Assignment: Print the line containing "I Rode The Pacific" and all lines after it to the end of the records below, exactly as written. No pictures.

______________________________

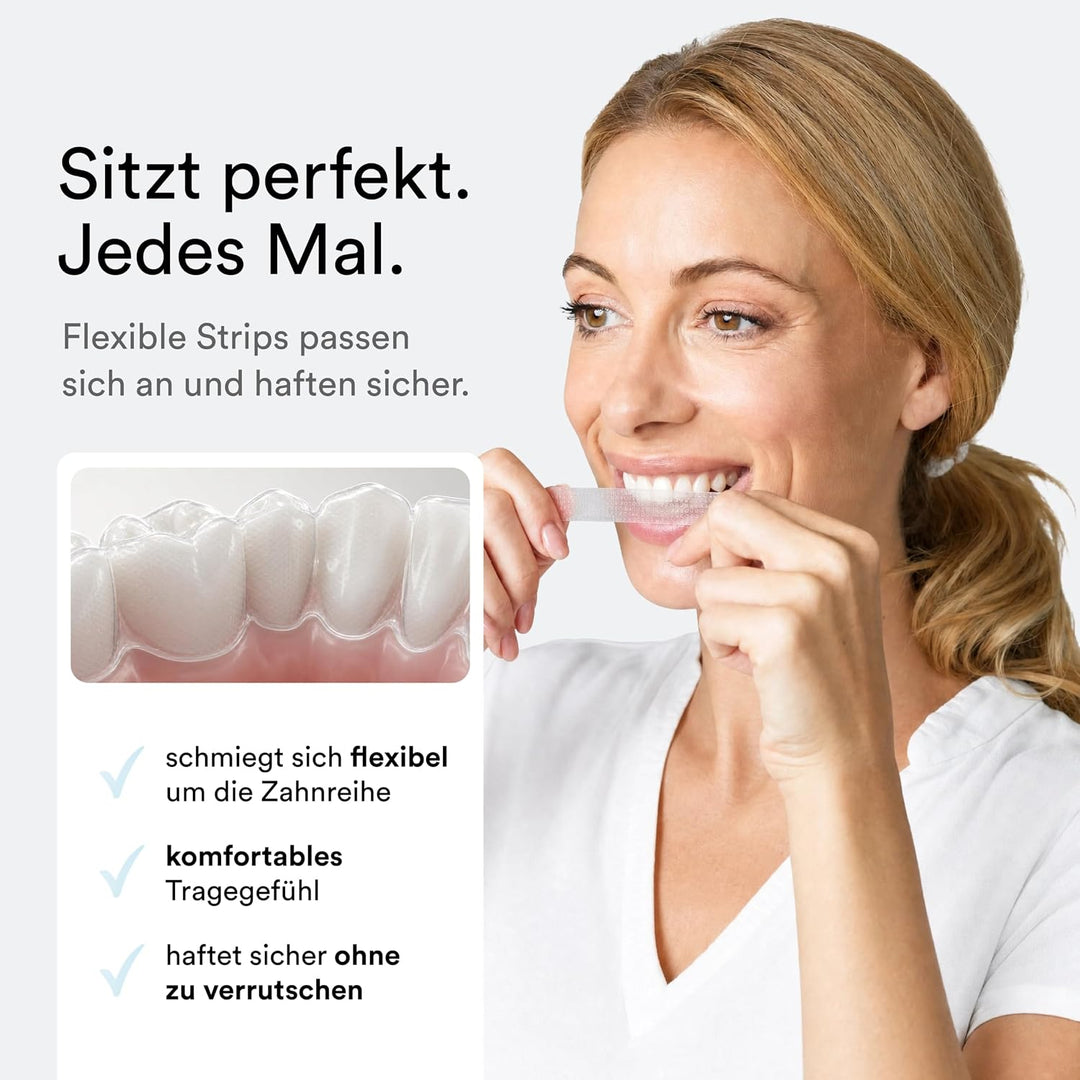 Zahnaufhellung Whitening Strips - Testsieger 2024-100 Tage risikofrei testen - frei von Peroxid - in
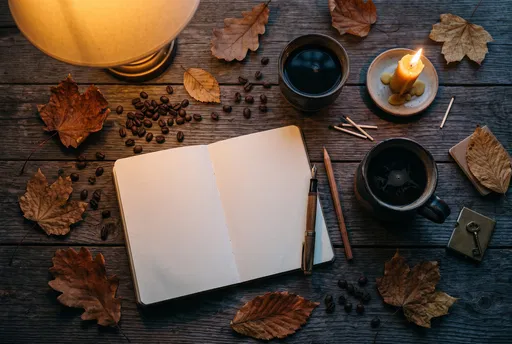 Autumn Morning Coffee and Blank Notebook
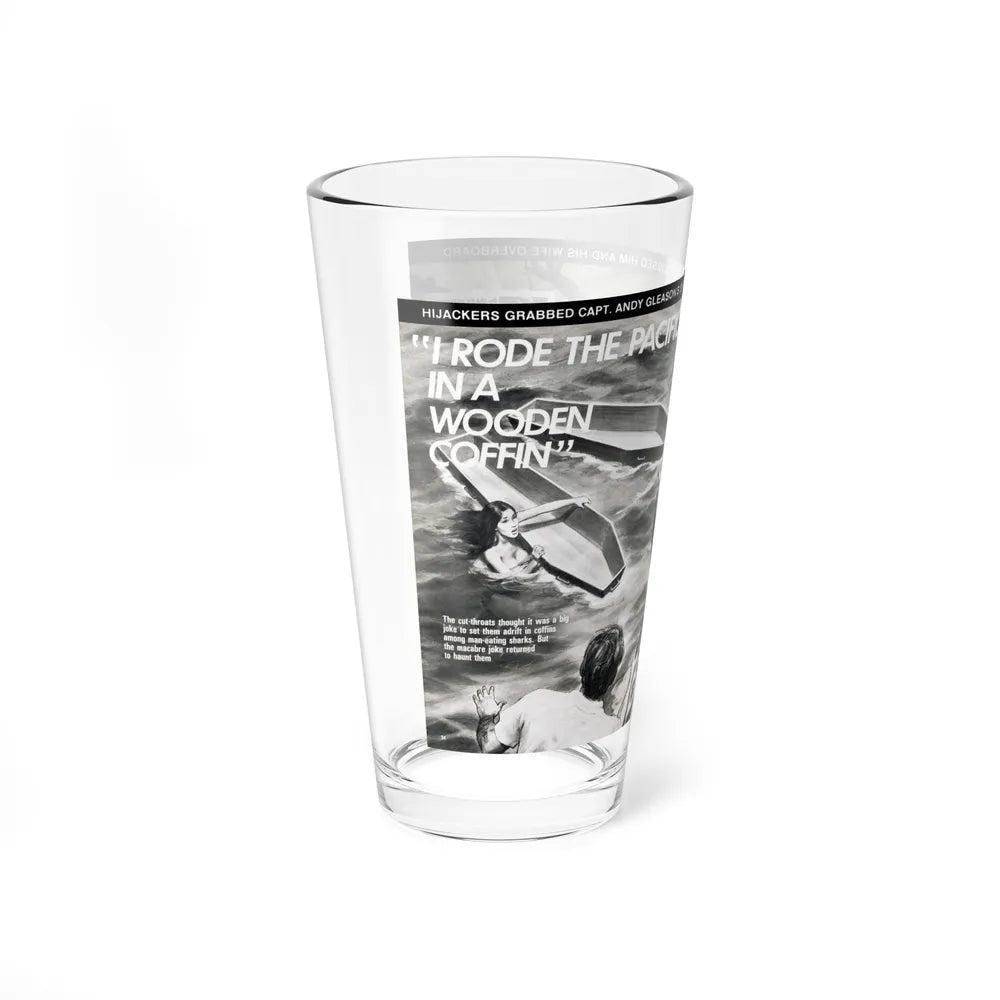 I Rode The Pacific In A Wooden Coffin, Men magazine, January 1972 - Pint Glass 16oz-Go Mug Yourself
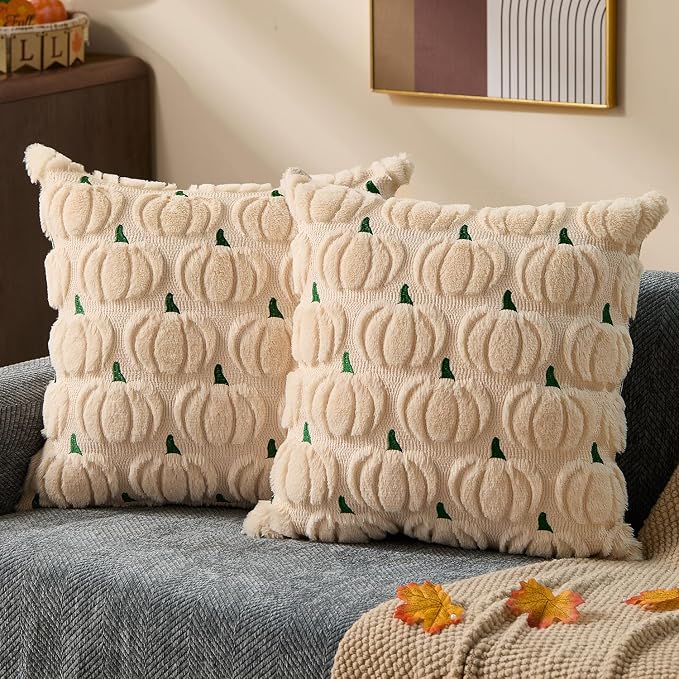 DFXSZ Fall Pillow Covers 20x20 2Pcs Beige Green Pumpkin Fall Decorations | Fall decor Set of 2 Throw Pillow Cases Soft Plush Faux Fur Wool Couch Cushion for Chair Sofa Bedroom Living Room Home Decor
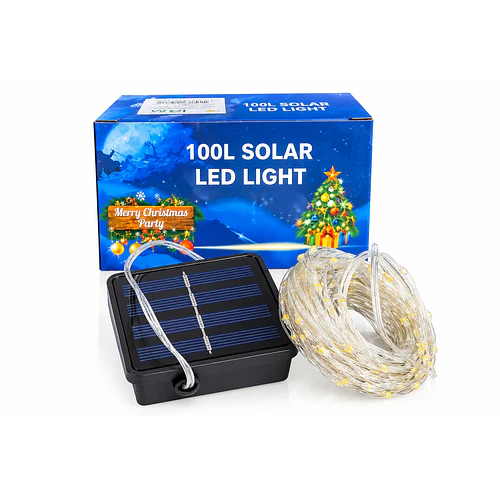 Luces Decorativas Solares 100 Led Amarillo Cálido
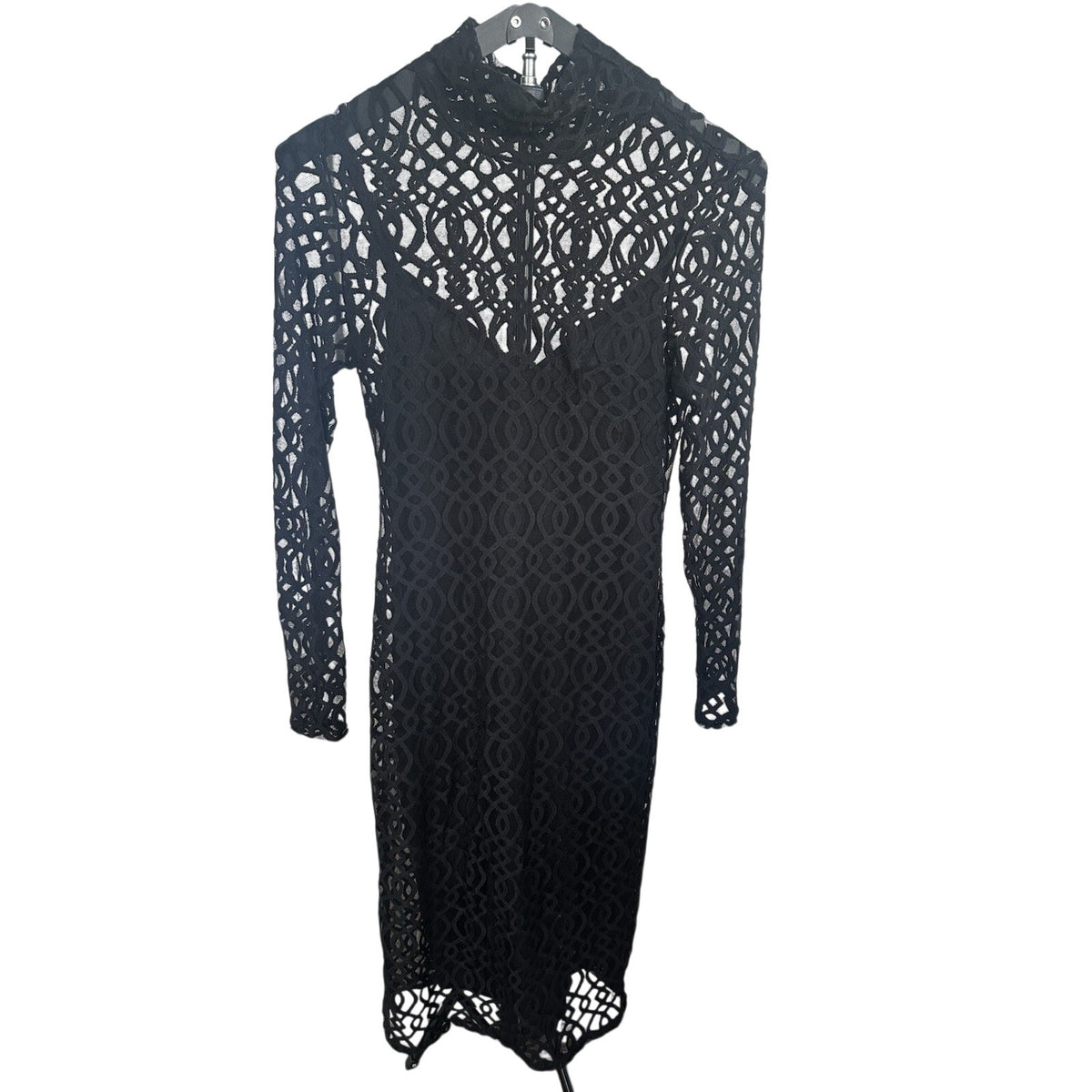 Rachel Rachel Roy Black Lace Geometric High Neck Long Sleeve Midi Sheath Dress M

______________________________

Answer for this exercise:
 I Rode The Pacific In A Wooden Coffin, Men magazine, January 1972 - Pint Glass 16oz-Go Mug Yourself
 DFXSZ Fall Pillow Covers 20x20 2Pcs Beige Green Pumpkin Fall Decorations | Fall decor Set of 2 Throw Pillow Cases Soft Plush Faux Fur Wool Couch Cushion for Chair Sofa Bedroom Living Room Home Decor
 Luces Decorativas Solares 100 Led Amarillo Cálido
 Rachel Rachel Roy Black Lace Geometric High Neck Long Sleeve Midi Sheath Dress M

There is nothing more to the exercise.